*What the task asks*
Look below for the line with "vidaXL Highboard Čierny" and the line with "270 - WW1 French". Copy exactly those two lines and every line between, but not the pictures.

[[ Data in this exercise, beginning ]]

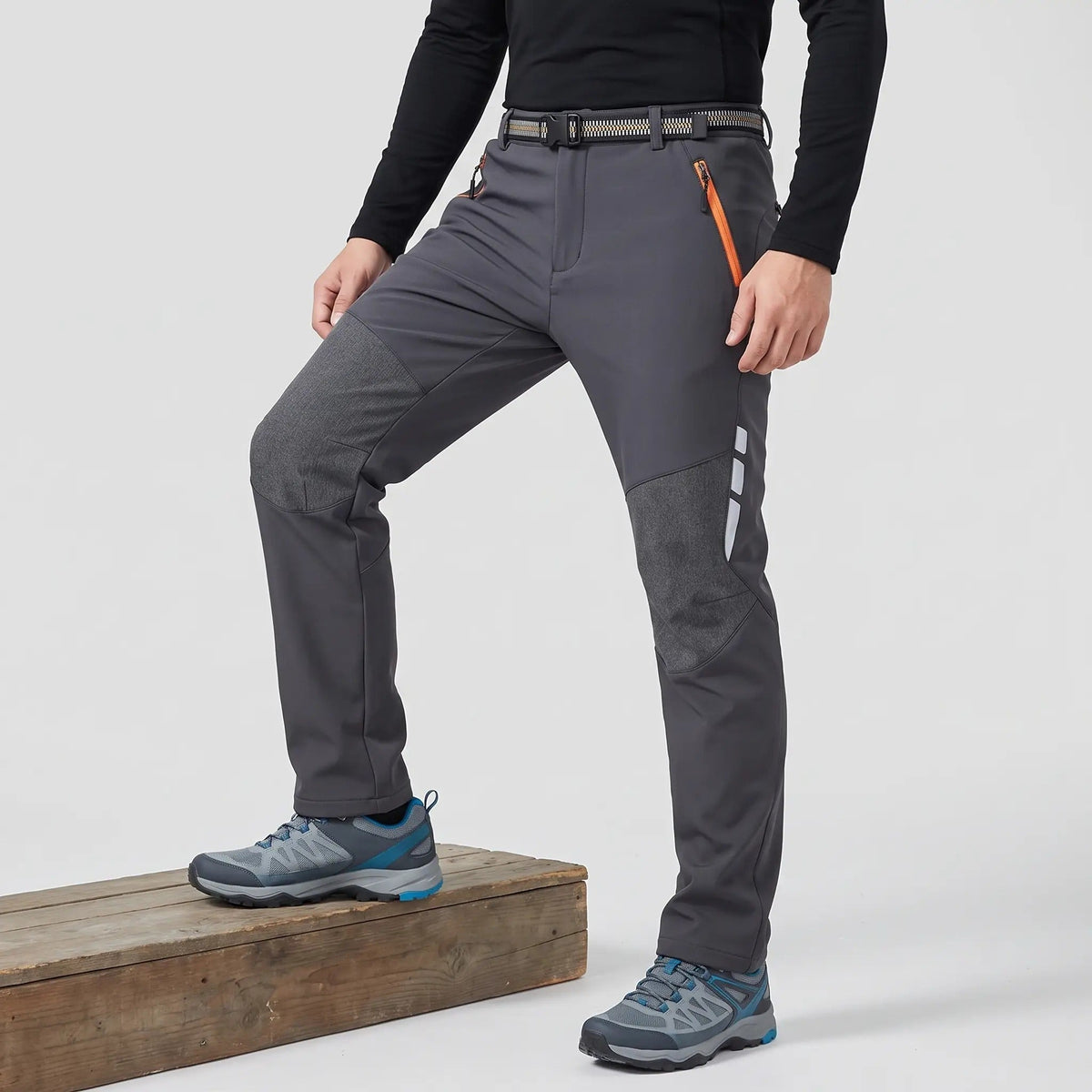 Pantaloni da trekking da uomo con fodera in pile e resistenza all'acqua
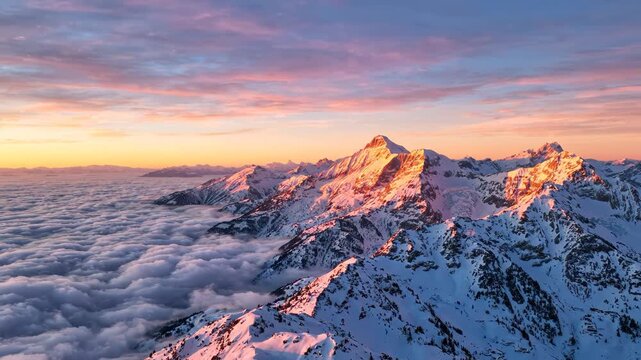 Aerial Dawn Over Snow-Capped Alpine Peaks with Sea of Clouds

[[ Data in this exercise, end ]]
[[ Data in this exercise, beginning ]]

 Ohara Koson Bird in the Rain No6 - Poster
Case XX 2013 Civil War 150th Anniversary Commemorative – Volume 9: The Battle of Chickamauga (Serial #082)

[[ Data in this exercise, end ]]
[[ Data in this exercise, beginning ]]

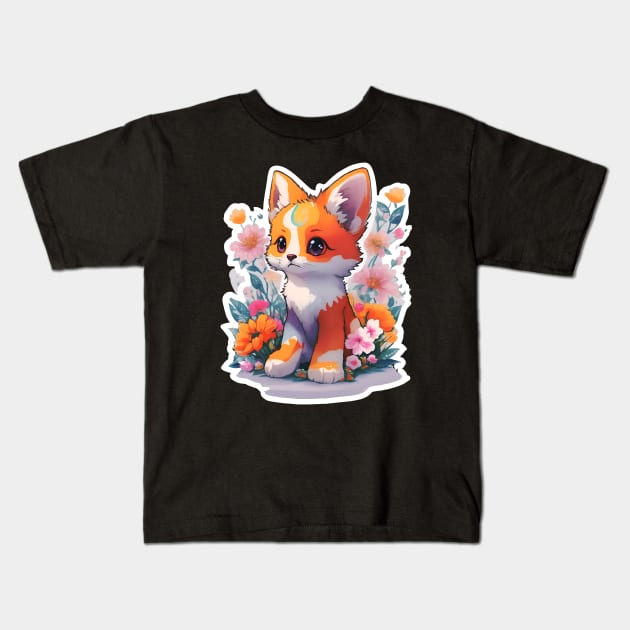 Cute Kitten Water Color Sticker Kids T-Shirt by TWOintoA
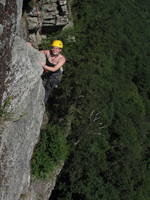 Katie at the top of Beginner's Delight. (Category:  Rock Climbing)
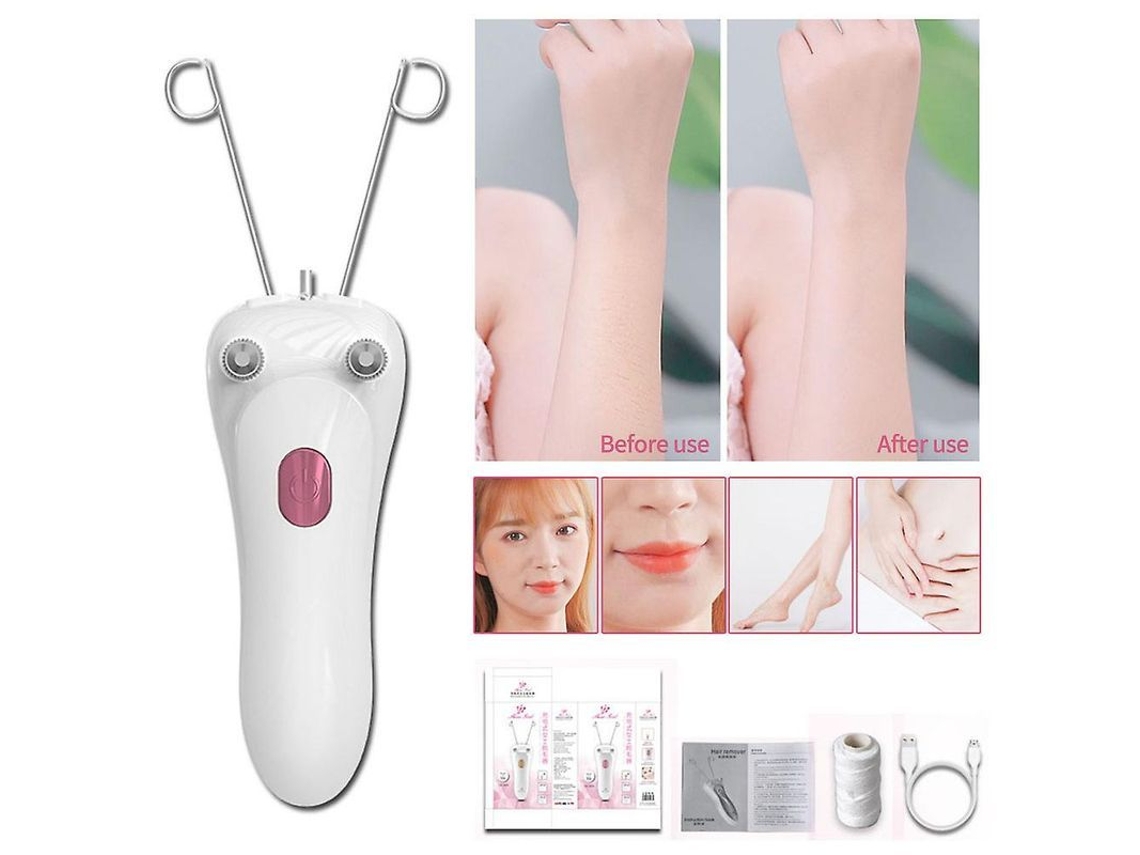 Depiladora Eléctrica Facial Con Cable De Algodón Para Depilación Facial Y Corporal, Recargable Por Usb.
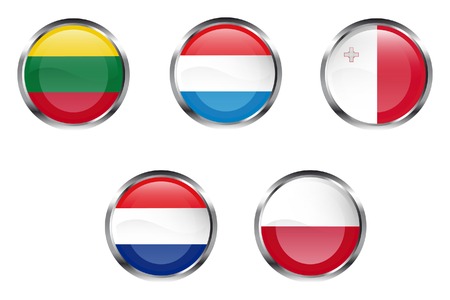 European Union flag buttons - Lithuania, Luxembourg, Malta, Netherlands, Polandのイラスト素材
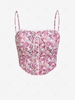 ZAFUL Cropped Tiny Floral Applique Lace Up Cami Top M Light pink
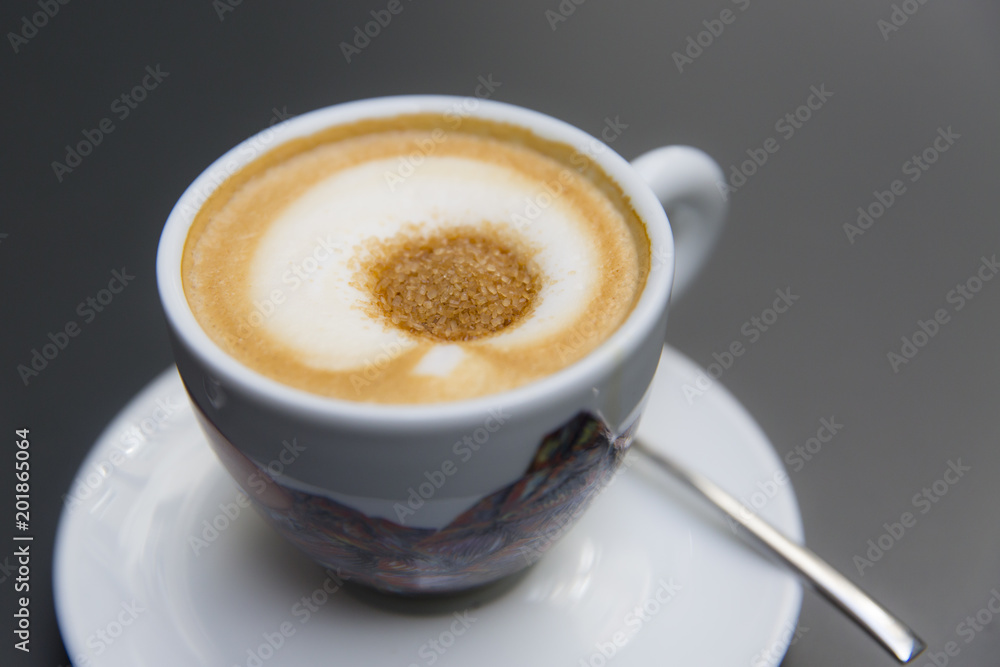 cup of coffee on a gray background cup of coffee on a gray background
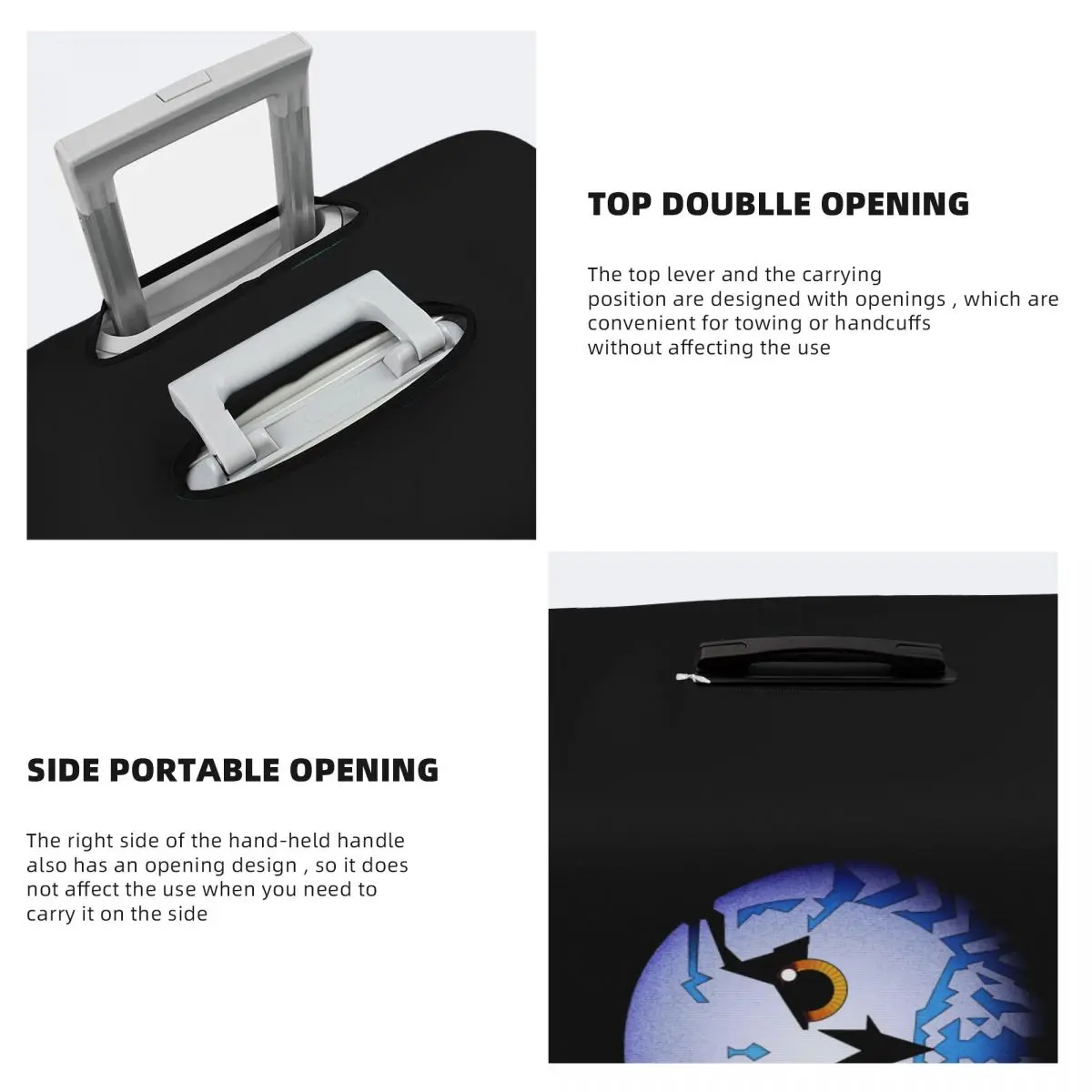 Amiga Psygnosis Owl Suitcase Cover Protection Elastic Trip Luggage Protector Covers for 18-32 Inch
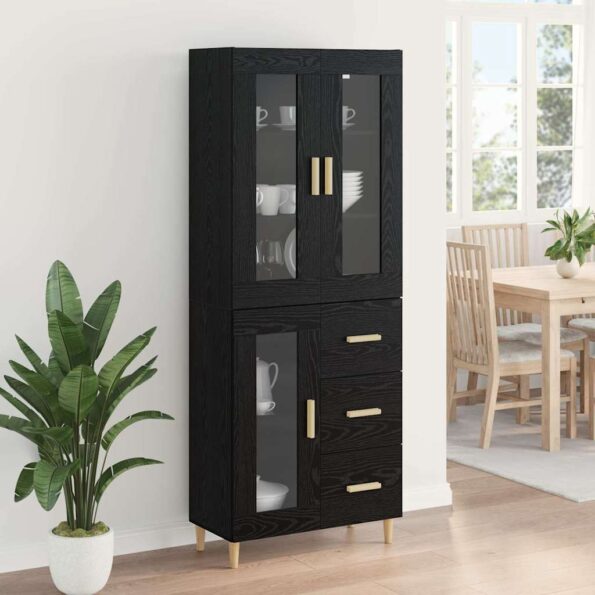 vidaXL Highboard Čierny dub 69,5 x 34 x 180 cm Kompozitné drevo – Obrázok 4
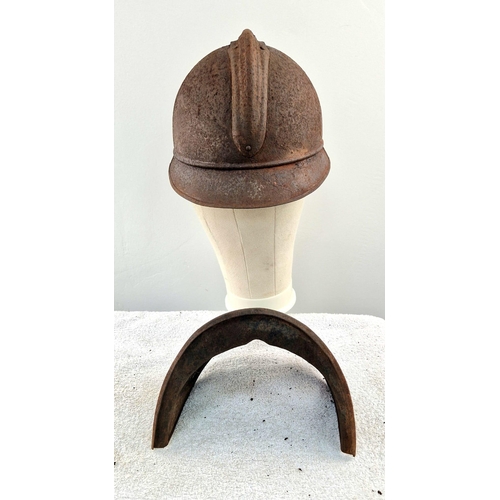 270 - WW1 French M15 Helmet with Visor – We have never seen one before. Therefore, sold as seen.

[[ Data in this exercise, end ]]

*Written solution*
 vidaXL Highboard Čierny dub 69,5 x 34 x 180 cm Kompozitné drevo – Obrázok 4
 270 - WW1 French M15 Helmet with Visor – We have never seen one before. Therefore, sold as seen.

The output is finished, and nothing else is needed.